The configUSE_TASK_FPU_SUPPORT - part could of course be omitted if not used.

The code (found somewhere in the Xilinx forum) for the MY_REMAP() define is:

#define MY_REMAP() asm volatile(
“mov r5, #0x03 \n”
“mov r6, #0 \n”
“LDR r7, =0xF8000000 /* SLCR base address / \n"
"LDR r8, =0xF8F00000 /
MPCORE base address / \n"
"LDR r9, =0x0000767B /
SLCR lock key / \n"
“mov r10,#0x1F \n”
"LDR r11,=0x0000DF0D /
SLCR unlock key \n”
“dsb \n”
“isb /* make sure it completes / \n"
"pli do_remap /
preload the instruction cache / \n"
“pli do_remap+32 \n”
“pli do_remap+64 \n”
“pli do_remap+96 \n”
“pli do_remap+128 \n”
“pli do_remap+160 \n”
“pli do_remap+192 \n”
"isb /
make sure it completes / \n"
“b do_remap \n”
".align 5, 0xFF /
forces the next block to a cache line alignment / \n"
"do_remap: /
Unlock SLCR / \n"
"str r11, [r7, #0x8] /
Configuring OCM remap value / \n"
"str r10, [r7, #0x910] /
Lock SLCR / \n"
"str r9, [r7, #0x4] /
Disable SCU & address filtering / \n"
"str r6, [r8, #0x0] /
Set filter start addr to 0x00000000 / \n"
"str r6, [r8, #0x40] /
Enable SCU & address filtering */ \n”
“str r5, [r8, #0x0] \n”
“dmb \n”
);

Next step is to create a memory section “.ocm” by changing the linker-desciption file.

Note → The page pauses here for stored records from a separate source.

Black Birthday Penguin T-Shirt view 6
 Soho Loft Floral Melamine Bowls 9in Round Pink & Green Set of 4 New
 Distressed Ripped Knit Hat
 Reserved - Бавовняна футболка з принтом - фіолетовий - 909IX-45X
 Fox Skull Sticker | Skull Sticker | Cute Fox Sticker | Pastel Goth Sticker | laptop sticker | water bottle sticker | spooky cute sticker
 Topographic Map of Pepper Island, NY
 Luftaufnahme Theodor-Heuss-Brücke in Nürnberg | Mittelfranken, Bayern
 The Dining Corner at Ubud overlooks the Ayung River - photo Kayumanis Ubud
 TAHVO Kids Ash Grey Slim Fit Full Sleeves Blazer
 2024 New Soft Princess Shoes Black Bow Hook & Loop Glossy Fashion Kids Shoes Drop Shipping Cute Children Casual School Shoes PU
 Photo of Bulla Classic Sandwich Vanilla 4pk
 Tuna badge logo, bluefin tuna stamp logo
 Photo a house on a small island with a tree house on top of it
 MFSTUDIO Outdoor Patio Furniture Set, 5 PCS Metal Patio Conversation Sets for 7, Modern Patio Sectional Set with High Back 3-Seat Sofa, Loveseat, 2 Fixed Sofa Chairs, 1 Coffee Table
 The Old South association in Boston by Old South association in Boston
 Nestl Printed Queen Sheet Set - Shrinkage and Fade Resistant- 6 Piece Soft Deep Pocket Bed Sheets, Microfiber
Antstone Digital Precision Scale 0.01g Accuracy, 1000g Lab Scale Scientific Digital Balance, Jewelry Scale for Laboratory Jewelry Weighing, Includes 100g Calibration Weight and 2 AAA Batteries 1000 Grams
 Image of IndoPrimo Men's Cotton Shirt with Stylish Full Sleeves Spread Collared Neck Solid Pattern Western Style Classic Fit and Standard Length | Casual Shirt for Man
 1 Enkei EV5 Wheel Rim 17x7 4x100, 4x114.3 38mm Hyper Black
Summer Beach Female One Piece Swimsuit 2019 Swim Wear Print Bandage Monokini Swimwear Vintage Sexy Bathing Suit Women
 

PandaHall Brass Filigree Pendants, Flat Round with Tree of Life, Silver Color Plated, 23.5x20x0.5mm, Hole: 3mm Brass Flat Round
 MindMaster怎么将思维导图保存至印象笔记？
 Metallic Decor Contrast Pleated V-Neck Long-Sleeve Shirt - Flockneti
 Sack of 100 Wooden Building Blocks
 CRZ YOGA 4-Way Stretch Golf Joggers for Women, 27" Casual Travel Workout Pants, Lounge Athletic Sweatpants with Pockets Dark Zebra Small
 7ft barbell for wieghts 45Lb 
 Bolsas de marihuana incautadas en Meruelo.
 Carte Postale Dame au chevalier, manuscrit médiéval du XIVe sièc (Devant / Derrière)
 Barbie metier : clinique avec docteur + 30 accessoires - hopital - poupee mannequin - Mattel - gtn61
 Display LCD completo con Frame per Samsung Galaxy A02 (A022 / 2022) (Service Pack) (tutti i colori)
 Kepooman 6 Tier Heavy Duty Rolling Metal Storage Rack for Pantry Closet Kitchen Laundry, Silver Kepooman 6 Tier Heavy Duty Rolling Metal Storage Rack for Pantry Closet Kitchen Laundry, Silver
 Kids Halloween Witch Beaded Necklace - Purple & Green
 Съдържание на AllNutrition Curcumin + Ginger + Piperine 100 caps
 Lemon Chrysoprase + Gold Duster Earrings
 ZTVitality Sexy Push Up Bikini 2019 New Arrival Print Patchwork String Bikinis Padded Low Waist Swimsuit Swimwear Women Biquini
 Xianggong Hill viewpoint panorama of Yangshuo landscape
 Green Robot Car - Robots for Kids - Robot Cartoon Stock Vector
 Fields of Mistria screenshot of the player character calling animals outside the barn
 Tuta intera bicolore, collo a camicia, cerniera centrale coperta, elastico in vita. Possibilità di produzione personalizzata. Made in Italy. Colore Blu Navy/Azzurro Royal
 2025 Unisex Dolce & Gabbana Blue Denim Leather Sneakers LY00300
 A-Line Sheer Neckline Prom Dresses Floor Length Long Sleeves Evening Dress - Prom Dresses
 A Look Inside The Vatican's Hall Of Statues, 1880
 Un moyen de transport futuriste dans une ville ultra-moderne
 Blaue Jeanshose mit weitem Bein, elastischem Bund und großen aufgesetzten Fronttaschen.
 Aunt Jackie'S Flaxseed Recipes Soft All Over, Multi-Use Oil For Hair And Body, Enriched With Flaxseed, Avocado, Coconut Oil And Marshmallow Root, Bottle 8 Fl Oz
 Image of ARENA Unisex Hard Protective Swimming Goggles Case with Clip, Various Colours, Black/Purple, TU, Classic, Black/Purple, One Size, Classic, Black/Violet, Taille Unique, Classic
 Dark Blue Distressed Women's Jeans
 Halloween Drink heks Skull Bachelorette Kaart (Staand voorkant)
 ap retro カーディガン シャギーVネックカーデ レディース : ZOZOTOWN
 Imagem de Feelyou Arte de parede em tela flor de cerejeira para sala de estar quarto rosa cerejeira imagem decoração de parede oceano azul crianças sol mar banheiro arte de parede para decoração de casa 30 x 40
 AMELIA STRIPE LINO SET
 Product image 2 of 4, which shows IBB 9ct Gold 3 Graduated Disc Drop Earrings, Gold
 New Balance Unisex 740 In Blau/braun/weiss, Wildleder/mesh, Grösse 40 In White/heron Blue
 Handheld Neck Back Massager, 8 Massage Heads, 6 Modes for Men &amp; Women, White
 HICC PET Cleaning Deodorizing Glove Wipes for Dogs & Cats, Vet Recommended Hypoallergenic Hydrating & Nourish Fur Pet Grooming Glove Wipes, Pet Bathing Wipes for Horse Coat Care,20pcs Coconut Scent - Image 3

Following changes are to be done:
In the memory section add:
ps7_ocm : ORIGIN = 0xfffc0000, LENGTH = 0x3fe00

In the section description add:
.ocm (NOLOAD) : {
__ocm_start = .;
*(.ocm)
__ocm_end = .;
} > ps7_ocm

Final step is to inform the buffer definition, that the buffers should be placed into the ocm.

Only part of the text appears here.